Ich bin kein Anhänger von Jürgen Moltmanns Theologie der Hoffnung (siehe dazu hier) und kritisiere mit anderen seine Kreuzestheologie (vgl. hier). Trotzdem lese ich Moltmann gern und schätze ihn als einen streitbaren Theologen, der mitunter sehr klar zu lehren und zu schreiben vermag. Neulich habe ich einen kleinen Schatz bei ihm entdeckt.
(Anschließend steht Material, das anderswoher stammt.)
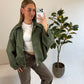 Noé Suède Jacket – Olive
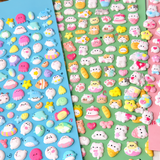 Load image into Gallery viewer, Cute 3D Animal Puffy Stickers – Kawaii Cartoon Cat Stickers for Journals, Phone Cases &amp; DIY Crafts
Hier das Zitat (Christliche Erneuerungen in schwierigen Zeiten, 2019, S. 14–16):
Heute haben wir es mit einer Dialoginflation zu tun. Man will mit jedem und möglichst allen „ins Gespräch kommen“. Theologie muss relational und kommunikativ sein. Der Gegenstand, über den wir sprechen, ist nicht so wichtig, die Beziehung, die wir im Dialog eingehen, ist wichtiger. Der Dialog unserer Tage dient nicht der Wahrheit, sondern der Gemeinschaft. Diese gemeinschaftssuchenden Dialoge gehen von einer Kirchengemeinschaft zur anderen, von einer Religionsgemeinschaft zur anderen. Zugleich entstehen wahrheitssuchende Dispute in allen Kirchen und in allen Religionen zwischen Konservativen und Progressiven, zwischen Fundamentalisten und Modernisten. Warum sind die gemeinschaftssuchenden Dialoge und die wahrheitssuchenden Dispute getrennt? Warum gehen Gemeinschaft und Wahrheit nicht zusammen?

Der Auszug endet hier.